Well I suppose I can share with you that I woke up in the middle of the night to continue slaving through this puzzle after having given up 6 or so words into it before bedtime. When I see how easy these things are for the people here I feel like quite the dunce. Man, Orange's book cannot come too soon for me.

SNERD was definitely my big-smile word of the day (after PODUNK). I was very pleased to glean that on my own.

Obviously some of solving is precisely what you know. I mean, I got UNSER right off the bat because I know something about open-wheel racing from life experience, and UTNE because I've read that publication over the years. But so much of solving seems less what you know than what you can infer, and I just lag behind in that area. I am inferentially challenged. I'm sure I'm better than the majority of the people in the world, but just majorly retarded compared to the rest of you.

Interesting factoid about Jack Haley from the Wizard of Oz ... I assumed he wasn't really an "author" per se and that his book had been ghostwritten like every other actor but according to one thing I read he spent a good part of the latter part of his life compiling info and writing commentaries on what it was like to be in Hollywood before the advent of radio and television.

Rex Parker 2:03 PM  

Not sure why FRESHENER was a no-brainer for me. I see the awkwardness of it. I had the FRE-, it occurred to me that "Renuzit" was an air FRESHENER, and voila.

"Renuzit Dooz It" is the worst product slogan Ever.

Agree with BlueStater on LEXICON, less so on CHOPS, and not at all on STEEPLE, which is just fine with me - the clue is question-marked after all.

I have to laugh when I see PH.D. clued as any kind of "prize." Imagine running seventeen marathons while somebody beats you with a wet noodle of self-hatred, and then when you crawl over the finish line someone throws a pathetic, frayed little blue ribbon in your general direction. THAT is what getting my PH.D. felt like. Thousands of un- and under-employed Humanities PH.D.'s around the country right now are saying "Amen, brother." If they read this blog, that is. My dad did buy me a lap-top, though, so that was cool. Thanks, dad.


Anonymous 2:10 PM  


Chops was a new one on me but I got it from the across clues anyway. I remembered somebody playing chops on the piano and thought that it therefore made some sense. However upon looking it up, "chops" is a slang term for musical virtuosity and in another definition any virtuosity in any field. As to lexicon if you prefix it with a specialty it becomes the lingo of the specialty (artist's-lexicon, physicist's-lexicon).

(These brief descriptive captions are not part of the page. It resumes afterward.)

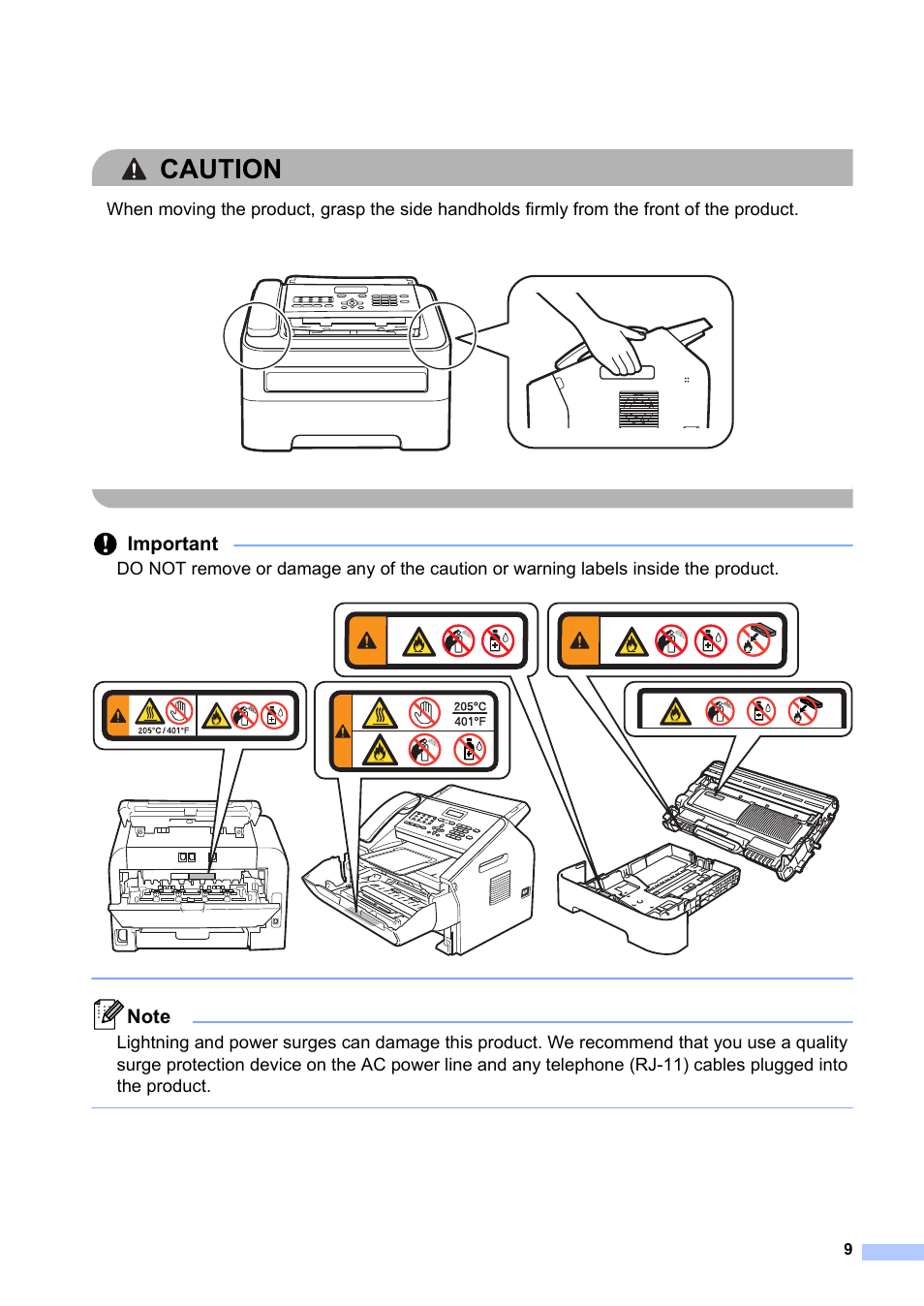 Caution, Important | Brother MFC-7240 User Manual | Page 9 / 20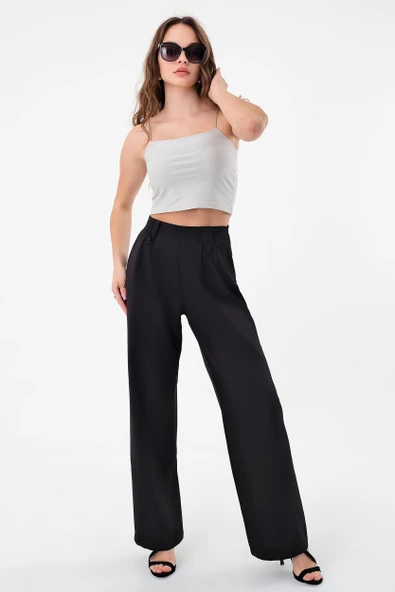 Kadın Siyah Apoletli Yüksek Bel Palazzo Pantolon - 3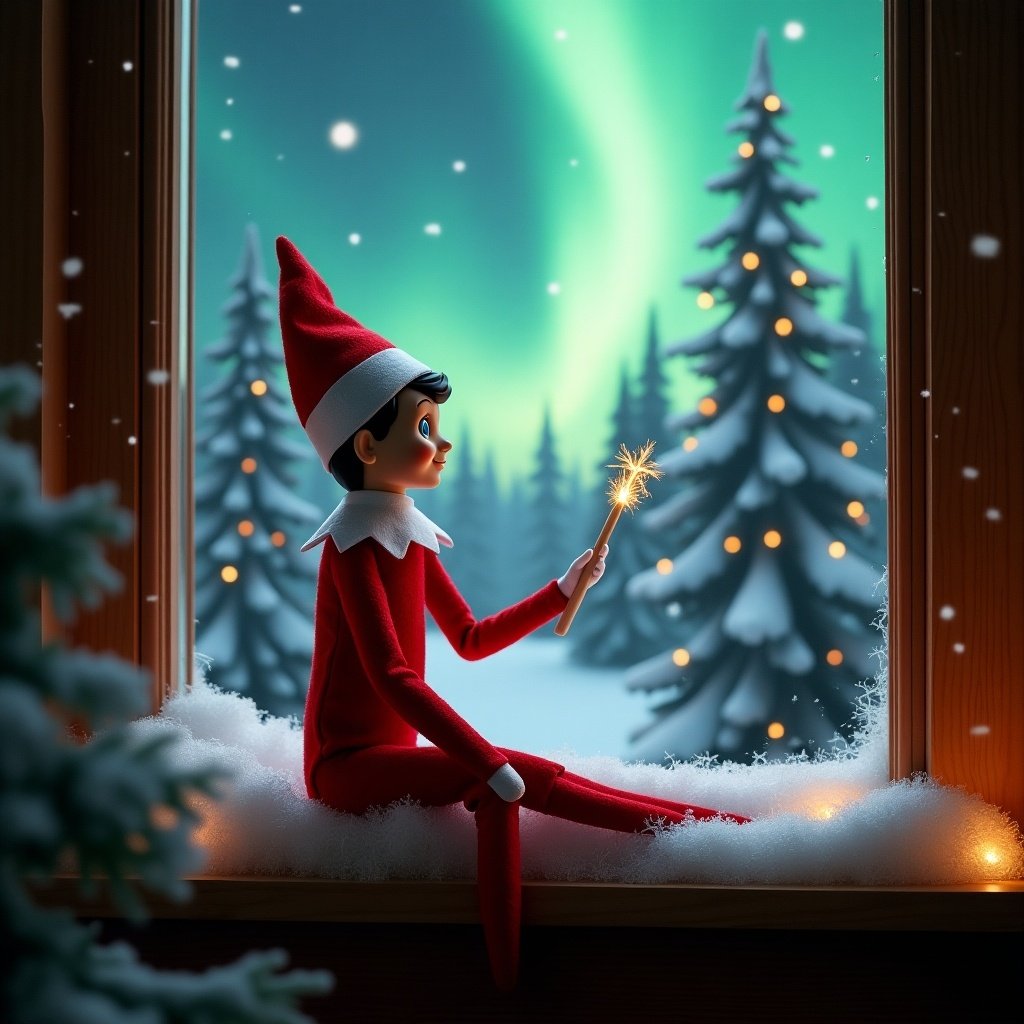 Elf on the shelf sits on window ledge. Uses wand to create word Laauli. Looks at northern lights. Scene has snow-covered pine trees. Dressed in vibrant red outfit. Conveys festive holiday feel.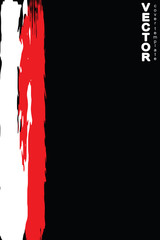 Red and white brush stroke on black background. Template for book cover, poster, label. Grunge stripe vector illustration.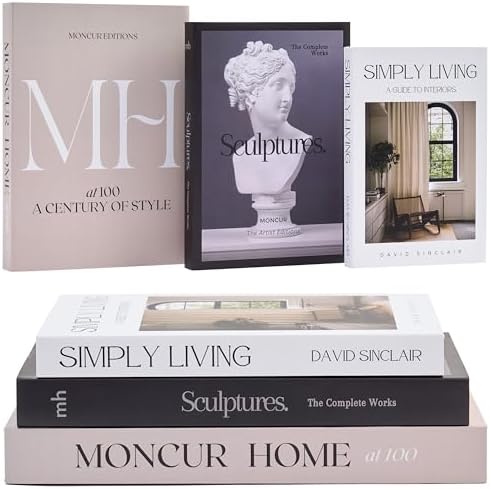 Mid Century Modern Decorative Bookshelf Books Set of 3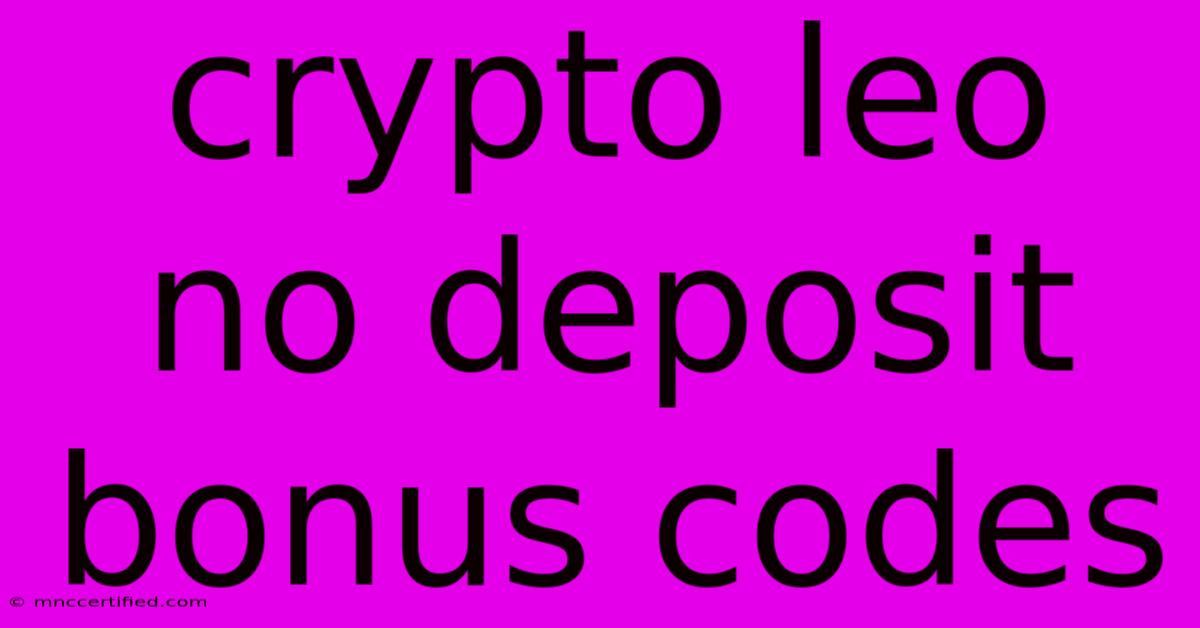 Crypto Leo No Deposit Bonus Codes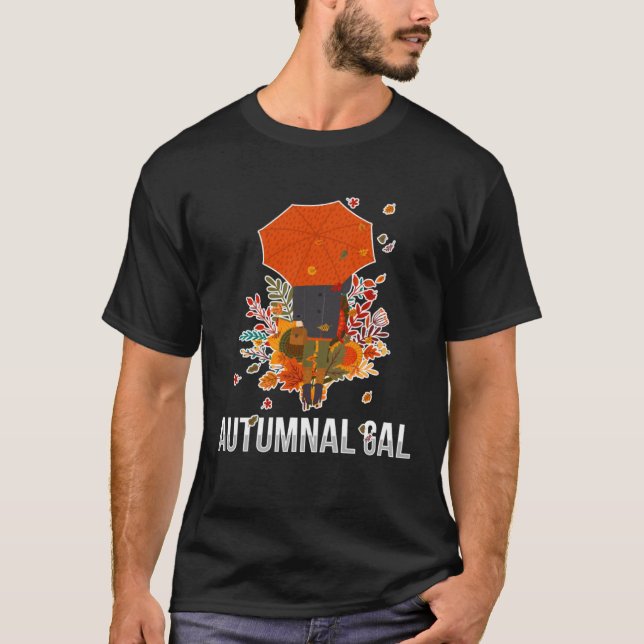 Camiseta Autumnal Gal Fall Girl with Umbrella (Frente)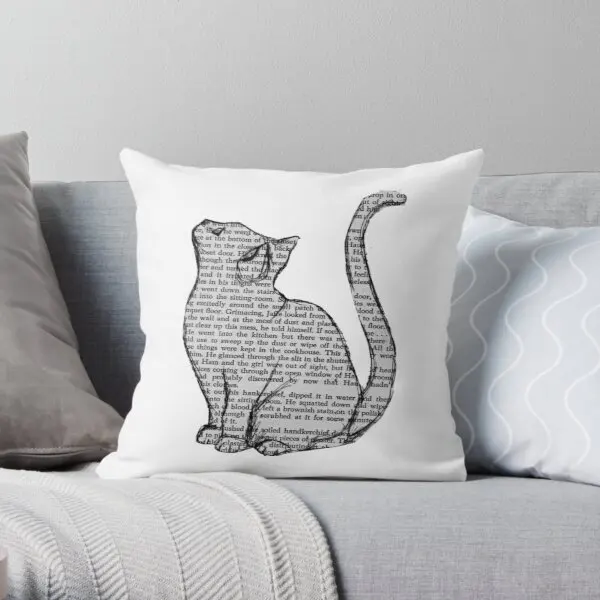 

Books And Cats And Books And Cats Printing Throw Pillow Cover Comfort Fashion Fashion Waist Decorative Car Pillows not include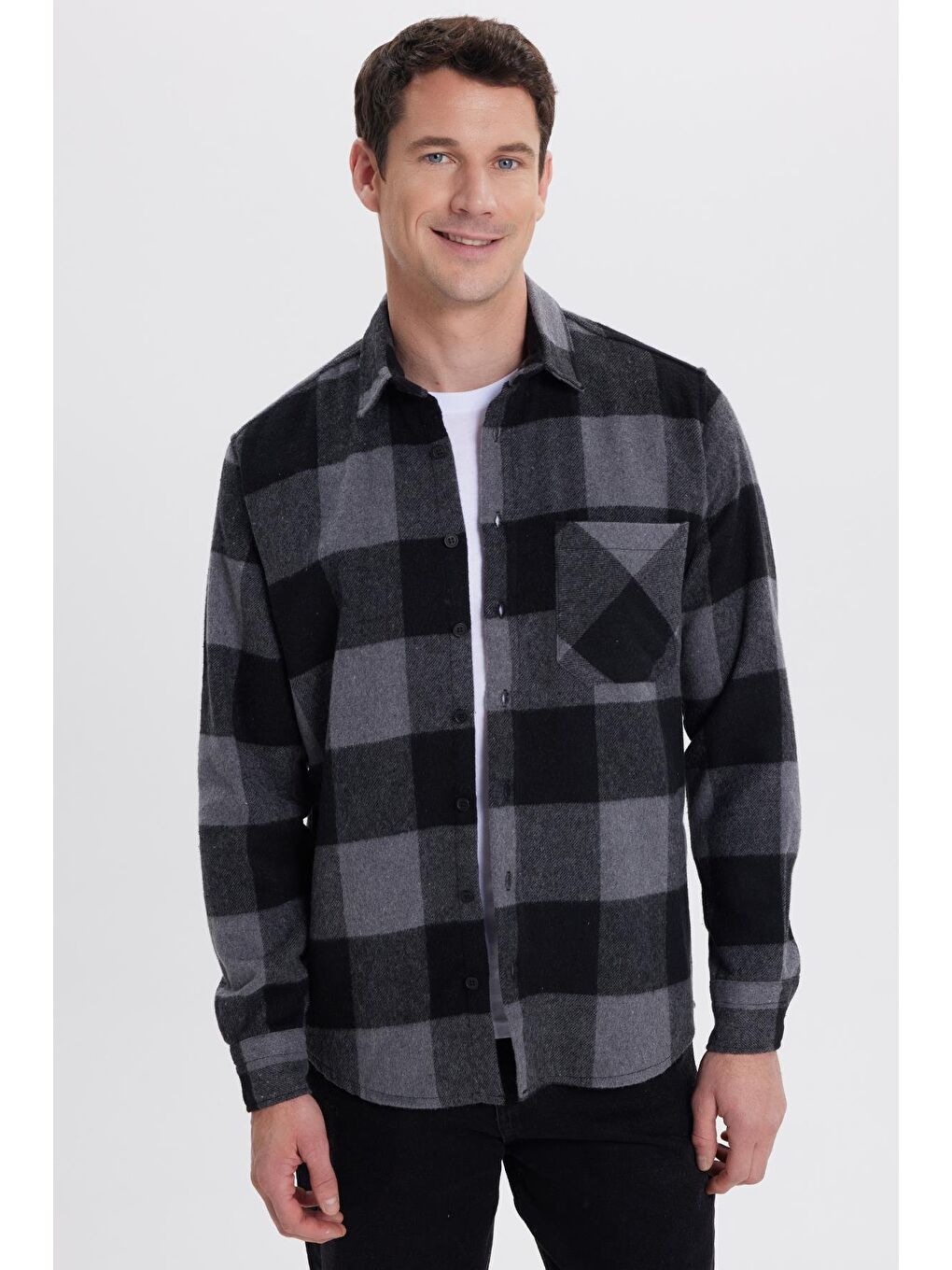Karışık Erkek Regular Fit Klasik Fit Kareli Cepli Oduncu Gömlek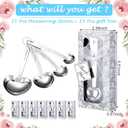25 Set White Heart Shaped Measuring Spoons Stainless Steel Measure Tea Spoons Bridal Shower Wedding Gift Birthday Tea Party Souvenirs for Guests with Individual Package(Lovely)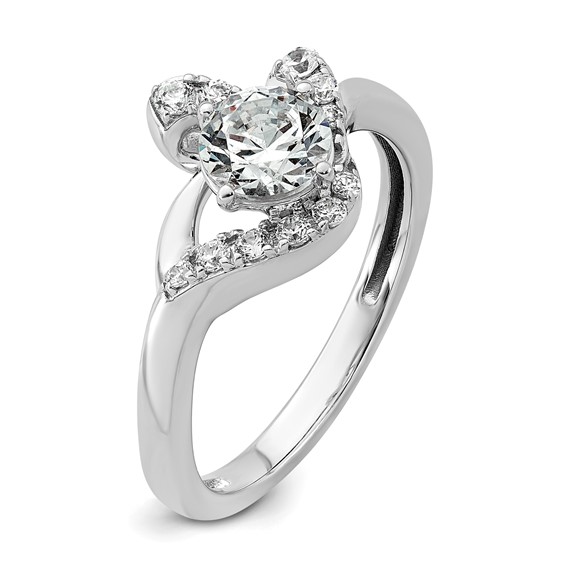 14k White Gold 7/8 carat Lab Grown Diamond VS+ F+ Round Complete Engagement Ring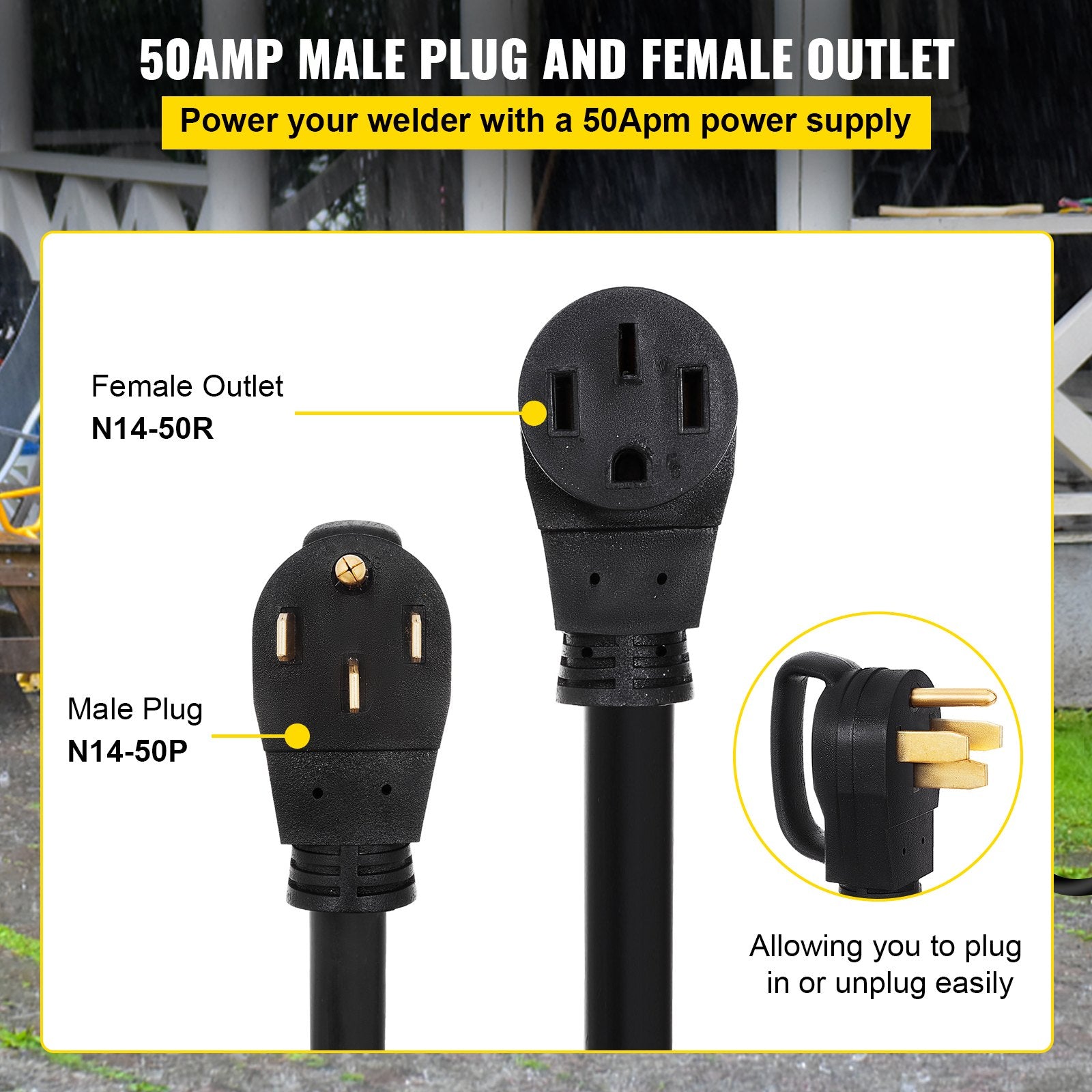 25Ft 50 Amp RV Extension Cord Durable Premium Power Cord RV 26.5mm Wire Diameter Extension Cord Copper Wire RV Cord Power Supply Cable For Trailer Motorhome Camper With Handles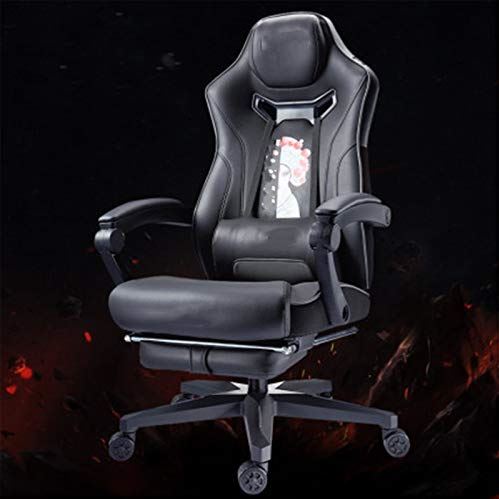RTYHASGHHH Gaming Chair Gaming Chair Home Seat Boss Chair Lift Chair Backrest Swivel Chair Gaming Chair Reclining Computer Chair Video Game Chairs (Color : Black 1 Size : One Size) (Black 2 One size)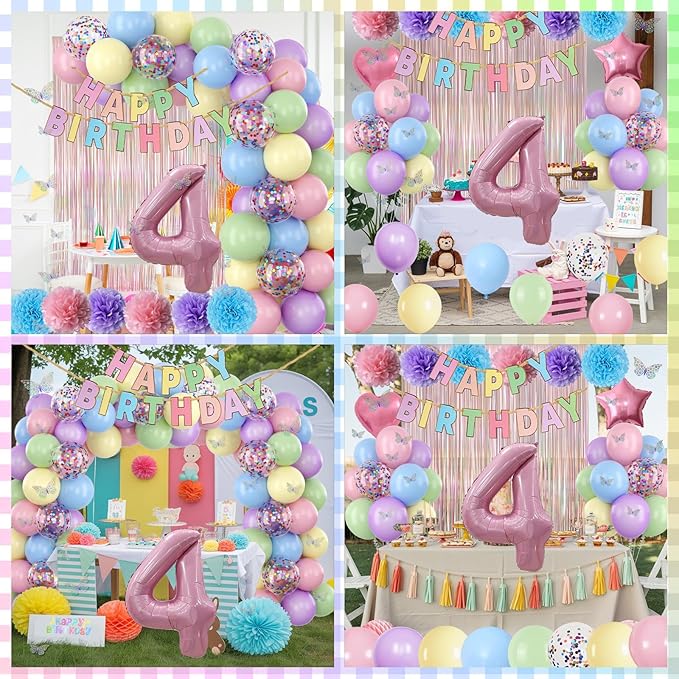 Pastel 4th Birthday Party Decorations for Girls Number 4 Balloon Happy Birthday Banner Butterfly Stickers Fringe Curtain Paper Pom Poms Macaron Pink Star Heart Foil Colorful Balloons 4 Year Old Decor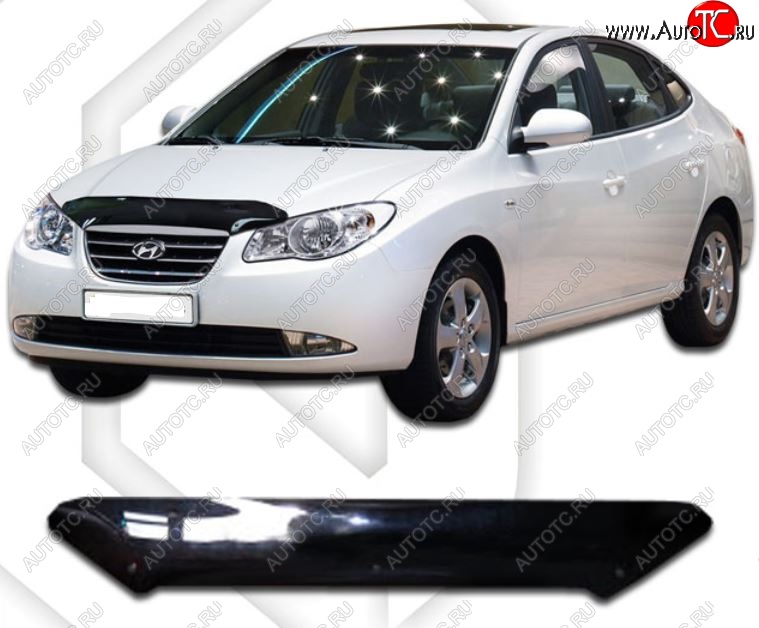1 759 р. Дефлектор капота CA-Plastiс Hyundai Elantra HD (2006-2011) (Classic черный, Без надписи)  с доставкой в г. Кемерово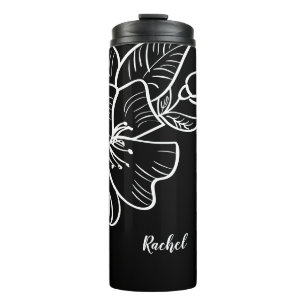 Bouteilles Isothermes Élégant noir & blanc Floral élégant Nom personnali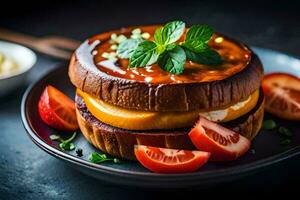 a hamburger with cheese and tomatoes on a plate. AI-Generated photo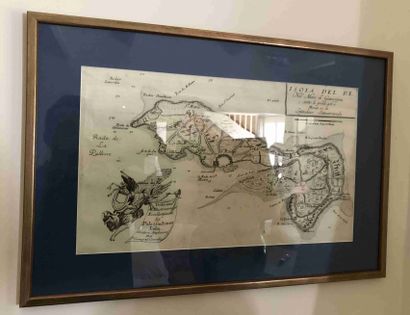 Old map of the Ile de Ré. 
26 x 44 cm at...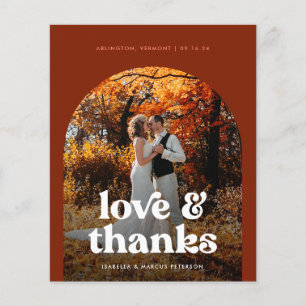 Budget Boho Arch Photo Wedding Thank You Card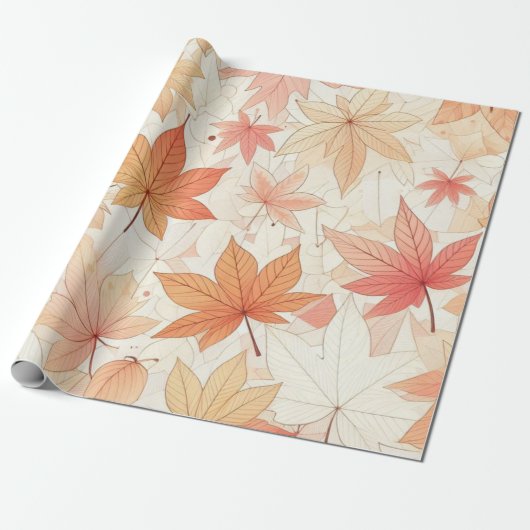 herfstpapier voor het inpakken van esdoornblad cadeaupapier (Uitgerold)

As to steeple, think of someone pointing to a specific church and asking: " what's the feature of the high (tall) church called"?

Anonymous 4:32 PM  


...fresh from an all-day recording session of Harbison Quartet #4, which requires plenty of CHOPS. On the viola, CHOPS refers to virtuosity. We do not have embouchure on the viola. (CHOPS if you play a brass instrument seems to refer to how tough your lip is.) CHOPS was the very first answer I filled in.

Rex, that is an all-too-apt description of the doctoral degree (for many). Sad but true.

I was delighted to actually finish the Friday puzzle on a Thursday, meaning that I completed it without laboring for half the day or more for a change.

Anonymous 4:39 PM  

p.s. Those Dockers Dudes in your blog photo look truly demented. Was that taken from an actual ad?

Anonymous 4:57 PM  

In Orange's absence, PODUNK was first used by BEQ in the Wash Post on 5/03/98, clued as "once a place near Hartford"???????????
Last used by Gail Grabowski, LAT 10/03/06. Also clued as "one horse town".


Anonymous 5:54 PM  

"dummying up" redux -- with a tip o' the hat to edgar bergen again, and (mortimer) snerd at 49d.

and -- correction: mentioned superb ventriloquist jay johnston yesterday, and that shoulda been jay johnson. oops...



Anonymous 6:39 PM  

I sure did like this puzzle...sure did! Great write up, as always Rex.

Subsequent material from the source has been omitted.